I love Raja, but I am seriously tired of her appropriating Native culture. It’s not funny to me anymore as a Native American. I don’t care if she’s a drag queen and it’s supposed to be “funny”. It’s really starting to bother me and I’m tired of it. This regalia means things to cultures, spiritual things, and if she’s not trying to bring awareness to the struggle and the oppression of Native Peoples then it shouldn’t be happening. I don’t think it’s appropriate for one minority to trivialize the humanity of another, especially when I try so hard to be an aspiring ally for the LGBTQ community.
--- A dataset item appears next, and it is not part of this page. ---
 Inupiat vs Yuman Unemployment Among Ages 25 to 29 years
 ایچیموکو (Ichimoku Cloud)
For some background information on this continuing issue:
But Why Can’t I Wear a Hipster Headdress? http://nativeappropriations.blogspot.com/2010/04/but-why-cant-i-wear-hipster-headdress.html
“Although we are a mostly invisible culture, that does not grant anyone the right to appropriate what little pieces of our past we have, robbing them of their dignity. Part of being seen as “trendy” also makes an entire culture not only a commodity, but also something that people will (and can) tire of; therefore being disposable. And to me, that is unacceptable.”
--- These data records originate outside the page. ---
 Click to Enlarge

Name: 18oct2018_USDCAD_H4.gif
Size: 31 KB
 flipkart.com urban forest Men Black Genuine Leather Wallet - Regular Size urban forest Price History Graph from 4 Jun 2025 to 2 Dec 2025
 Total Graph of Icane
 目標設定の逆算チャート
Headdresses promote stereotyping of Native cultures.
- “The image of a warbonnet and warpaint wearing Indian is one that has been created and perpetuated by Hollywood and only bears minimal resemblance to traditional regalia of Plains tribes. It furthers the stereotype that Native peoples are one monolithic culture, when in fact there are 500+ distinct tribes with their own cultures. It also places Native people in the historic past, as something that cannot exist in modern society. We don’t walk around in ceremonial attire everyday, but we still exist and are still Native.”
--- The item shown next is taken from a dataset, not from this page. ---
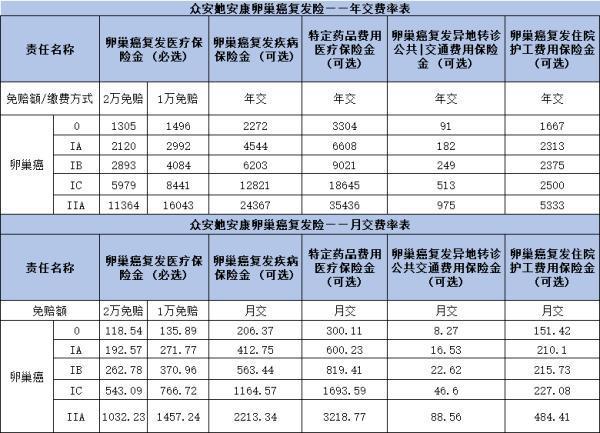 眾安她安康「卵巢癌」復(fù)發(fā)險(xiǎn)投保要求是什么？多少錢一年？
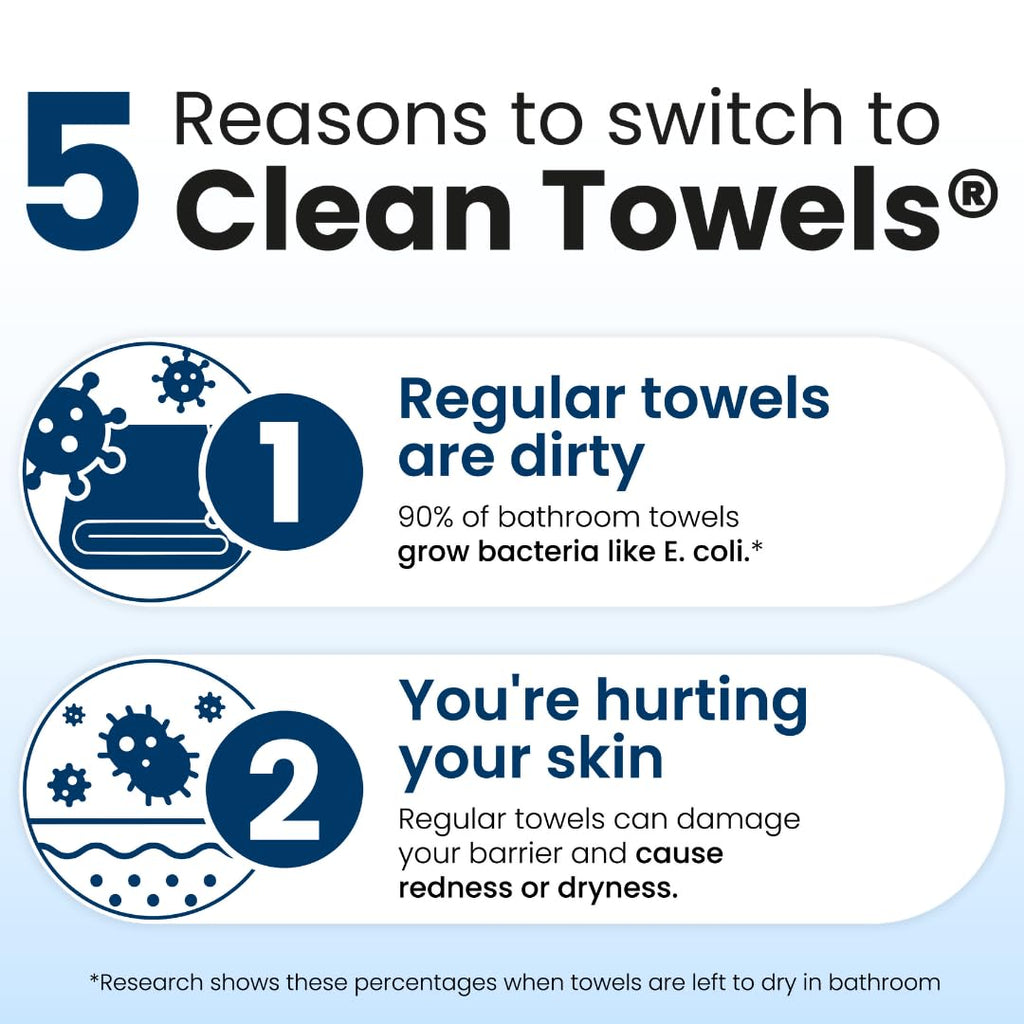 clean skin club clean towels xl 100% usa biobased disposable face towels 100 ct 2 pack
It’s just like wearing blackface.
- “Playing Indian” has a long history in the United States, all the way back to those original tea partiers in Boston, and in no way is it better than minstral shows or dressing up in blackface. You are pretending to be a race that you are not, and are drawing upon stereotypes to do so. Like my first point said, you’re collapsing distinct cultures, and in doing so, you’re asserting your power over them. Which leads me to the next issue.”
“There is a history of genocide and colonialism involved that continues today.
- By the sheer fact that you live in the United States you are benefiting from the history of genocide and continued colonialism of Native peoples. That land you’re standing on? Indian land. Taken illegally so your ancestor who came to the US could buy it and live off it, gaining valuable capital (both monetary and cultural) that passed down through the generations to you. Have I benefited as well, given I was raised in a white, suburban community? yes. absolutely. but by dismissing and minimizing the continued subordination and oppression of Natives in the US by donning your headdress, you are contributing to the culture of power that continues the cycle today.”
“But I don’t mean it in that way, I just think it’s cute!
- Well hopefully I’ve illuminated that there’s more at play here than just a “cute” fashion choice. Sorry for taking away your ignorance defense.”